Crisis on the continent

SYNOPSIS:

Until a few weeks ago, Europe seemed on an unstoppable course toward economic and, perhaps eventually, political union. Last fall, the European Community thought it had put the final touches on the job when it met at the Dutch city of Maastricht and hammered out a treaty that would lead to a common European currency by decade's end.

Then came the Danish shock: Earlier this month, to the horror of Europe's policy elite, a referendum on Maastricht by the voters of Denmark ended with a rejection. Although the margin of rejection was thin, the Danish vote has galvanized the opposition to European unification across the Continent, and suddenly the whole process seems to be in doubt. Why is European unity in trouble? It is doubtful that Danish voters were responding to the provisions of the Maastricht treaty, a document so technical that almost nobody understands it. Instead, they were expressing their unease with the state of Europe. Indeed, it is not too unreasonable to compare the sudden wave of European opposition to Maastricht with the American tidal wave of opposition to incumbent politicians. Both reflect the public's sense of economic and social problems out of control and a growing distrust of leaders who are perceived as complacent and out of touch.

Behind the glittering facade of the new Europe, with its promise of a vast new economic and political superpower, lies a deeply troubled continent. Europe's problems are different from ours, but they are just as serious -- and Europe's leaders have done just as little as our own to address them.

Jobless woes. Europe's biggest problem is unemployment. After a few good years in the late 1980s, European jobless rates have started rising again; for almost 20 years the Continent's overregulated markets have yielded few new jobs for a growing work force -- a condition referred to as ''Eurosclerosis." In France, for example, the unemployment rate, after dipping briefly at the end of the 1980s, is once more above 10 percent (compared with 7.5 percent in the United States) and seems set to rise. Admittedly, generous government benefits make unemployment less painful in Europe than in America. On the other hand, most unemployed Americans find new work within a year, while many Europeans never find a job.

Unemployment in Europe is highly concentrated in a number of depressed regions, such as the old coal and steel towns of Belgium and Northern France and the decaying north of England -- regions the American visitor, dazzled by Paris or London, rarely sees. The most prosperous parts of Europe have jobless rates of less than 3 percent, but large tracts have sustained rates of more than 20 percent.

This is part of a broader European weakness, the huge disparities in prosperity across regions. In America, the richest states have per capita income only about 60 percent higher than the poorest; for European regions, the difference is more than 200 percent. Billions of dollars have been spent to try to raise the incomes of lagging nations like Greece, Portugal and Ireland; although there have been some success stories, like the modernization of the northeastern part of Spain, economic backwardness in much of Europe has defied solution.

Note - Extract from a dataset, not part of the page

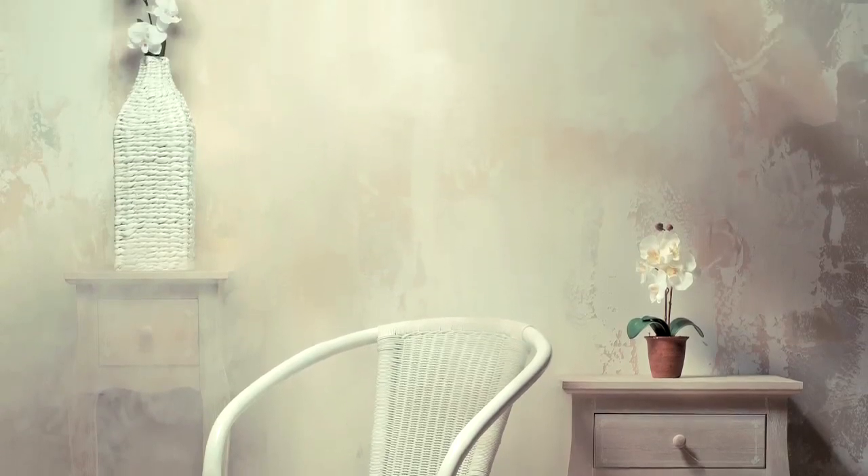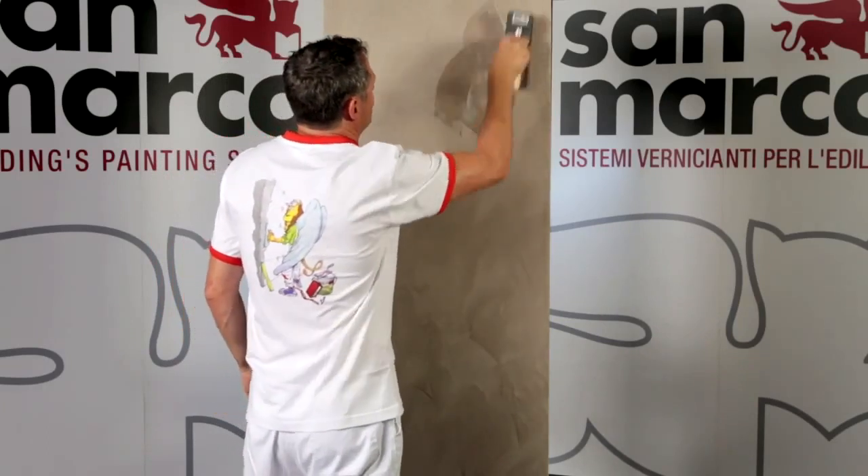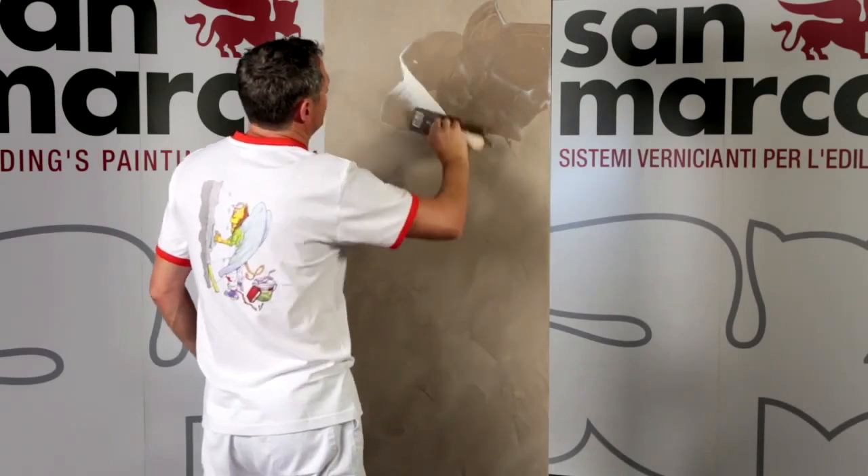Patina is a water-based decorative wax for interiors, for treatments over lime-based decorative mineral finishes. Apply patina over lime-based decorative mineral finishes. The surfaces must be compact, free of inconsistencies, and dry.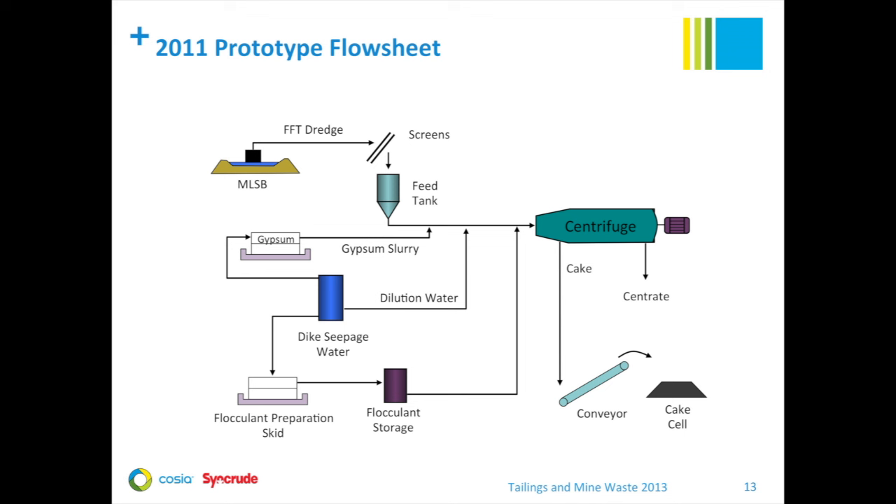Centrifuge cake could be directed either to a bin for rate measurement or to the conveyors where it was transported to the cake cell. For the 2011 prototype, the cake deposited in the cell flowed right back into the Mildred Lake settling basin, and we did not monitor that deposit, although we monitored the previous deposits for several years. Instrumentation such as Coriolis meters for flow and density was used to collect data on the key parameters. Samples from the process streams were analyzed for simple analysis in the field lab, such as percent solids, and more detailed analysis back at Syncrude Research and at CAMET Labs.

High unemployment has fed growing hostility to immigrants and supplied the fuel for Europe's still small but increasingly vocal extreme right wing. To many Europeans, immigrants -- especially immigrants from the Muslim nations on Europe's southern flank -- are a threat. They are seen as taking scarce jobs from natives; if they become unemployed, they receive support from governments that already impose far higher tax rates than we see in the United States.

Beset with these deep-seated economic and social problems, many European governments are in serious trouble. Italy, for example, has a budget deficit that is more than twice as large relative to the size of its economy as our own. Germany, staggering under the huge costs of subsidizing its new eastern lands, is running large budget deficits and for the first time in decades faces a wave of strikes. France's Socialists and Britain's Conservatives cling to power, but only because their opposition is deeply divided and distrusted by the voters.

None of these problems is new. In fact, it was precisely the perception of European stagnation that led key leaders to advocate bold moves toward European union, in the hope that such moves would reinvigorate the economy. This was a calculated gamble, since there was always the risk that a push toward unity would end in disillusioning failure rather than triumph. Until the Danish bombshell, it looked as if the gamble had paid off. Now, astonishingly, a few thousand unhappy voters have put the future of Europe on the line.